#### [Data excerpt]
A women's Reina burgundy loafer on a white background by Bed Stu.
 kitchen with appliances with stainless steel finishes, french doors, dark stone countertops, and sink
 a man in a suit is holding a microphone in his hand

#### [Description of the task]
Output the data in full, please, exactly as written.

#### [Result below]
A women's Reina burgundy loafer on a white background by Bed Stu.
 kitchen with appliances with stainless steel finishes, french doors, dark stone countertops, and sink
 a man in a suit is holding a microphone in his hand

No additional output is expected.